Keller and Bell initially met in 1886. He made his pocket watch chime so she could feel its vibration. Warmly recalling that first meeting, Keller later wrote that she felt he understood her and that she “loved him at once.” Bell referred Keller to the Perkins Institution in Boston, and the following March, Anne Sullivan was sent to Keller’s home to begin her education.
Keller and Graham brought national attention to the deaf community
After a difficult start, Sullivan broke through to Keller in April 1887 when she traced the word “water” on her hand and then ran cold water over it. Keller retraced the word on Sullivan’s hand then eagerly went on to learn 30 more words that day. Writing to Bell shortly thereafter, Sullivan described the breakthrough as a “miracle.” Bell quickly spread word of their accomplishments, publishing an account of the events in various journals. Before long, Keller had become something of a celebrity.
Keller, for her part, was extremely grateful to Bell for broadening her horizons, and Bell to Keller for bringing national attention to deaf education. In the years to come, the two frequently spent time together, developing something of a parent-child relationship along the way.

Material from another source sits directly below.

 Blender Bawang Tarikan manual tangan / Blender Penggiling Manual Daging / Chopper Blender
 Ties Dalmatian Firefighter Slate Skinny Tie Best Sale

In 1887, Keller participated in the groundbreaking ceremony for Bell’s Volta Bureau, an institution for deaf research that he opened in Washington D.C. with prize money received in recognition of his invention of the telephone. In 1888, Keller again journeyed north to visit Bell, and this time also met with President Grover Cleveland. (She would go on to meet every subsequent president through Lyndon B. Johnson.)
In 1893, Keller even accompanied Bell to the World’s Columbian Exposition in Chicago, where they stayed for three weeks. Bell, who had learned finger spelling to communicate with his mother, acted as Keller’s personal guide at the world’s fair and taught her about modern science and technology.
Bell became further involved in Keller’s education when she expressed a desire to attend a regular college, an idea he wholly supported. In 1896, Bell coordinated the effort to establish a trust fund for Keller. When she began attending Radcliffe College in Boston in 1900, it was this trust fund, as well as further financial support from Bell, that paid for her schooling. Keller became the first deaf-blind person to graduate college in 1904.
They forged a lasting friendship
The bond between Bell and Keller only strengthened up until the inventor’s death in August 1922. Keller was a frequent guest in Bell’s home, and he remained her constant supporter, both personally and financially. He frequently sent her money to pay for living expenses or vacations, and he even learned to use a braille typewriter so they could correspond more directly.
Keller used the braille typewriter to write her first autobiography, The Story of My Life, which she dedicated to him, writing, “To Alexander Graham Bell, who has taught the deaf to speak and enabled the listening ear to hear speech from the Atlantic to the Rockies.”